I due giovani ragazzi che non sono riusciti a partire per l'Italia
I due giovani ragazzi che non sono riusciti a partire per l'Italia

Il racconto

Hai perso le scarpe?

Lui: “Lei ha perso le scarpe”.

Lei: “E lui me le ha date”.

Lui: “Lei è donna è normale che porti le scarpe. Io sono un uomo. Posso camminare tranquillamente scalzo”.

Ma non avete niente con voi?

Lei: “Non giriamo con i vestiti, per salire in barca metti solo quello che puoi indossare, è tutto”.

Lui: “Per il resto lasci tutto a terra”.

Al collo il ragazzo ha un salvagente ricavato dalla camera d’aria di un pneumatico. Non sa nuotare. E le barche sono pericolose.

Avete provato a partire questa notte?

Lui: Si, cioè, abbiamo provato a partire ieri notte non è funzionato il tempo era cattivo

Lei: “Altri dicevano che il motore non era buono era cattivo”.

Ma avete pagato?

Lei: “Si abbiamo pagato. Eravamo in quaranta e il motore che ci hanno dato era da 30 cavalli”.

Con una barca in metallo?

Lei: “Sì”.

Sapete che le barche in metallo sono pericolose?
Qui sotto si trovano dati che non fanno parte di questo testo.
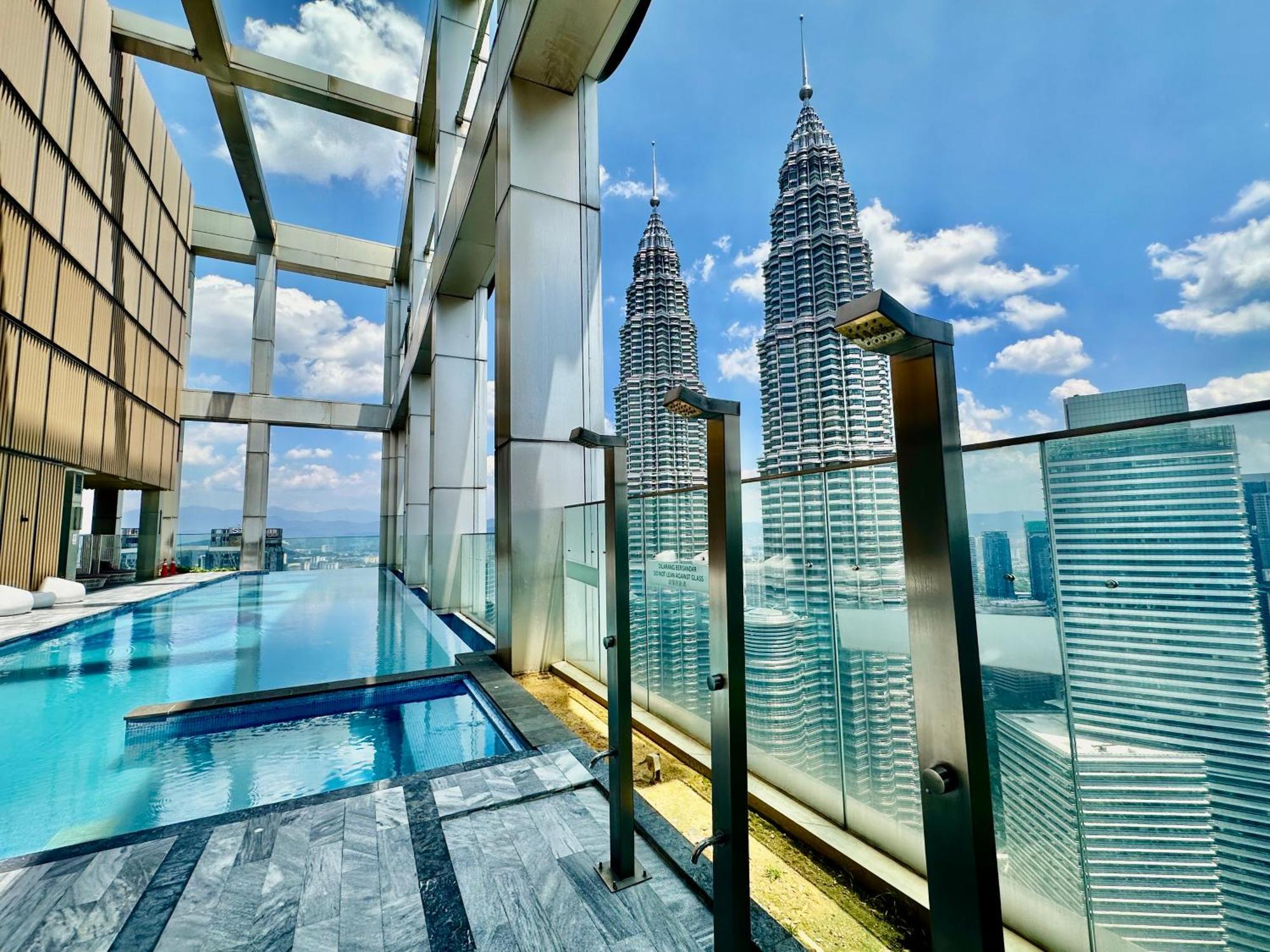 Victoria Home Tropicana The Residence Klcc Bukit Bintang Kuala Lumpur Buitenkant foto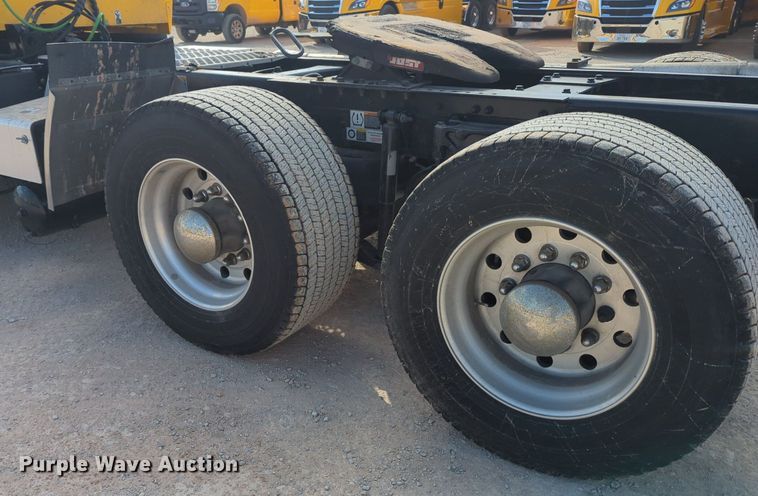 image for item NZ9295 2019 Kenworth T680 semi truck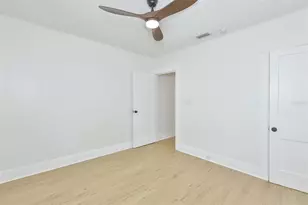 902 W Columbus Dr, Tampa, FL 33602 - Photo 29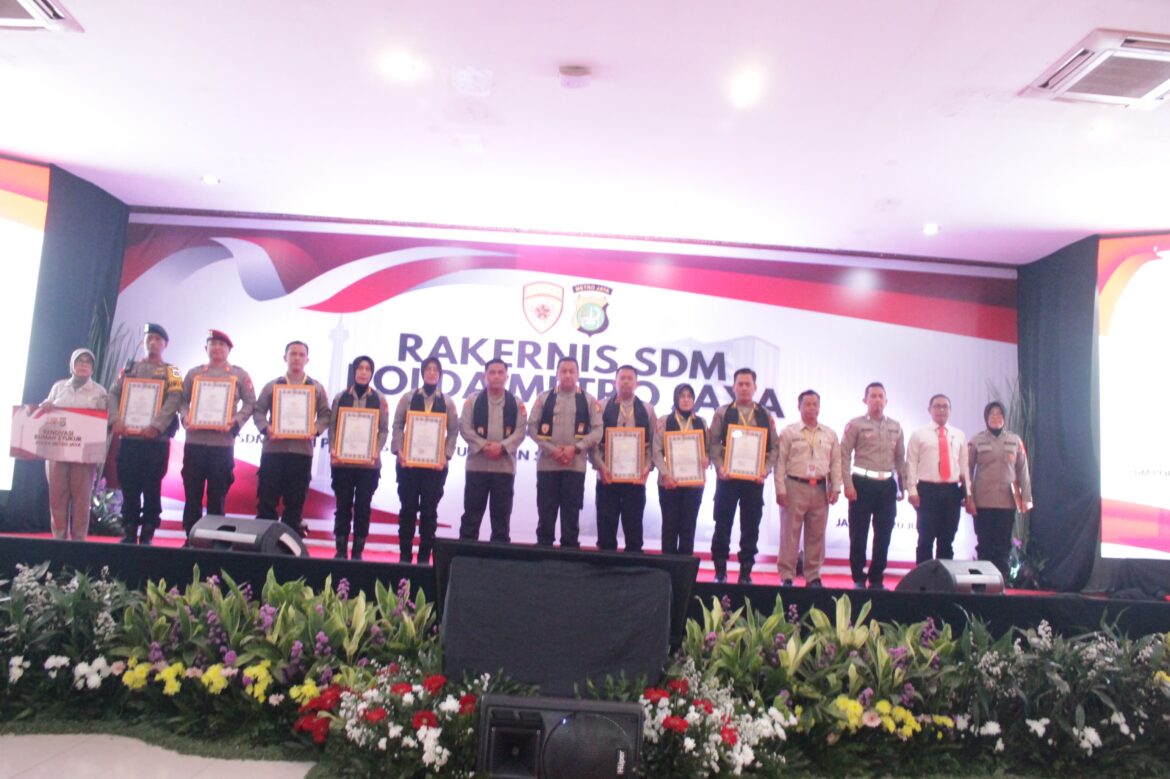 Polres Metro Jakarta Barat Raih Penghargaan Satwil Terbaik untuk Penulisan Karya Perorangan PADA ACARA RAPAT KERJA TEKNIS SDM POLDA METRO JAYA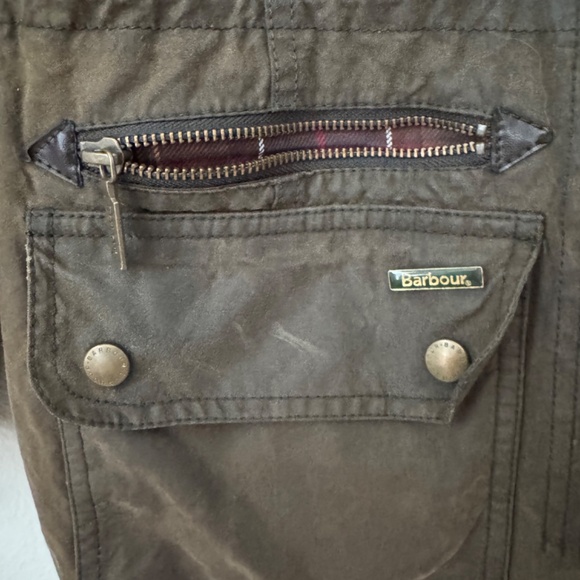 BARBOUR KELSALL WOMEN'S WAXED JACKET OLIVE - Picture 6 of 11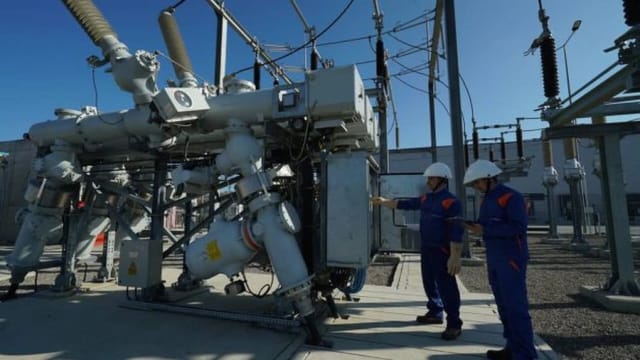 rețea electrică, cabluri și stâlpi de electricitate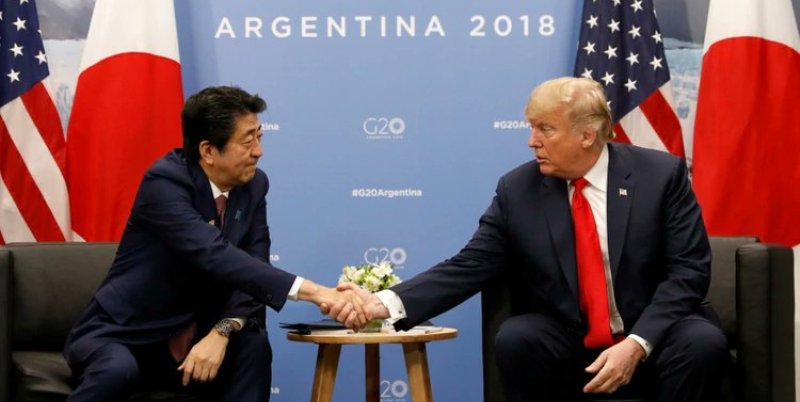 Donald Trump reiteró al primer ministro de Japón su convicción de mantener la presión sobre Corea del Norte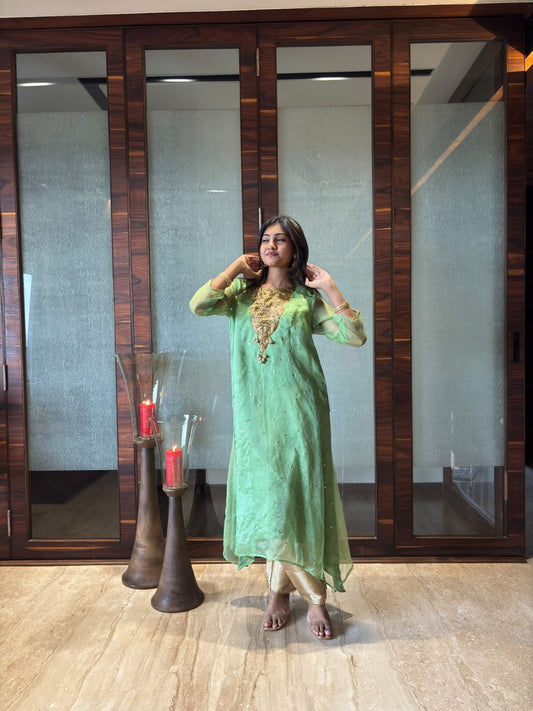 Elara- Soft green flow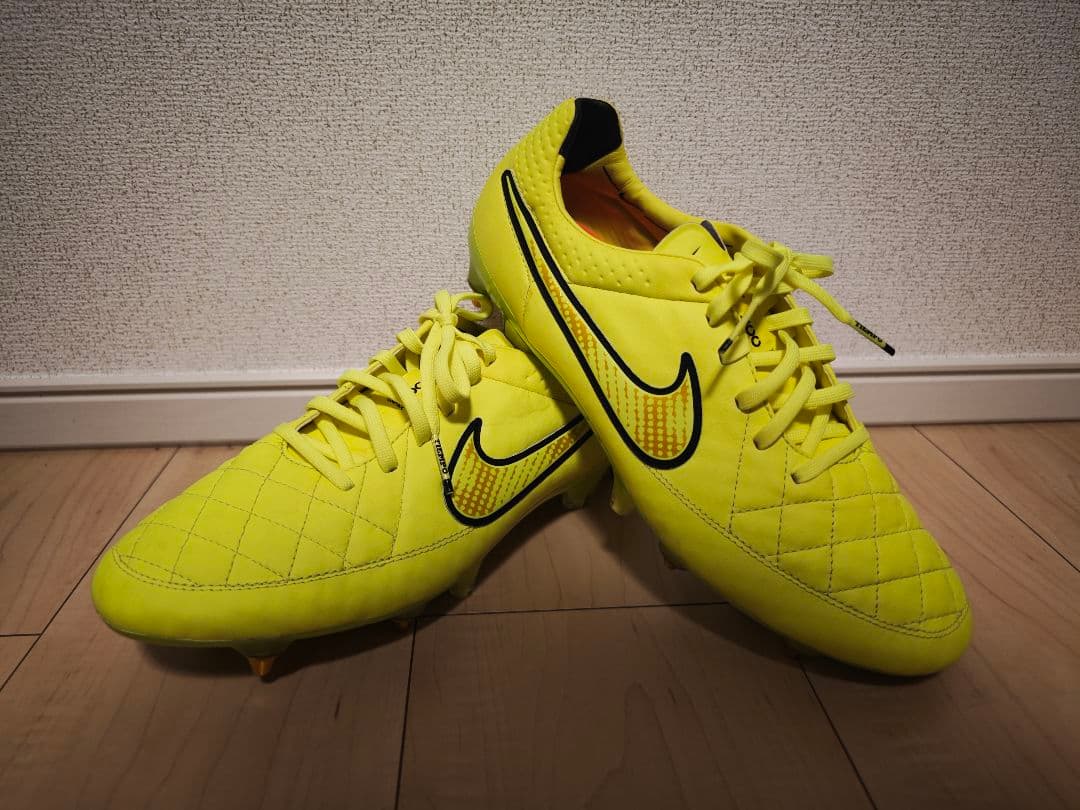 ナイキ ティエンポ レジェンドV ACC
Lui: “Non abbiamo visto il battello prima di partire, ma abbiamo pagato. E’ solo sulla riva del mare che abbiamo visto la barca. Lì se ti rifiuti di partire il denaro è perso. E anche se non parti per qualsiasi altro motivo. Adesso dobbiamo lavorare, trovare un altro trafficante. Ripagare i soldi e poi riprovarci”. 

Quanto ci metterete?

Lei: Almeno 5 mesi”

Il bambino dove lo hai partorito?

Lei: “In Libia”.

Sei stata in prigione in Libia?
Lei: “Sì, una volta”.

Com’era?

Lei: “Non era facile la prigione”.

Ma eri lì con il bambino?

Lei. “Sì, con il bambino, li se ne fregano dei bambini. E non gli importa neanche delle donne incinta, ci sono donne che partoriscono in prigione. Se provi la traversata e la marina libica ti prende lì te ne vai subito in prigione”.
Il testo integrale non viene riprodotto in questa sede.